Background: This article addresses two problems. The first is the Flexibility Problem: If we are to use a more flexible format for theories of change than for traditional logic models, one in which we can no longer assume that we only value things which are at the end of causal chains, nor that we intervene on all the things at the beginning of causal chains, how then can we show which things we value, and which things we intervene on? The second is the Definition Problem: What is the difference between a theory showing the causal influences within and around a project and, more specifically, a theory of change for the project?


Purpose: To solve the Flexibility Problem and the Definition Problem.


Setting: N/A


Intervention: N/A


Research Design:  N/A


Data Collection and Analysis: N/A


Findings: A definition of “Theory of Change” is introduced, based upon a definition of “Theory” together with two symbols to mark variables we value (“♥”, or any suitable alternative symbol) and variables we intervene on (“▶”, or any suitable alternative symbol).
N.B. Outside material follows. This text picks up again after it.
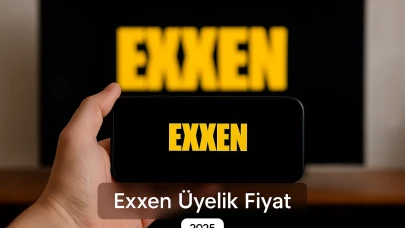 Exxen Üyelik Fiyatı 2025: Hangi Paket Ne Kadar, Avantajları Neler?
These two definitions and the two symbols together answer both the Flexibility Problem and the Definition Problem, and have some interesting side-effects as follows. Firstly, they suggest that it is the task of evaluators to model how stakeholders value aspects of a project just as much as it is to model the causal chains within a project. Secondly, evaluators are able to model the fact that stakeholders may value variables which are not at the end of a causal chain, throwing a new light on the debate between results-based and principles-based programming. Thirdly, they provide a way to understand the behaviour of stakeholders and stakeholder groups in terms of their own theories of change – the way they view the world and how they can get what they want – rather than from the traditional behaviourist perspective more familiar to most evaluators.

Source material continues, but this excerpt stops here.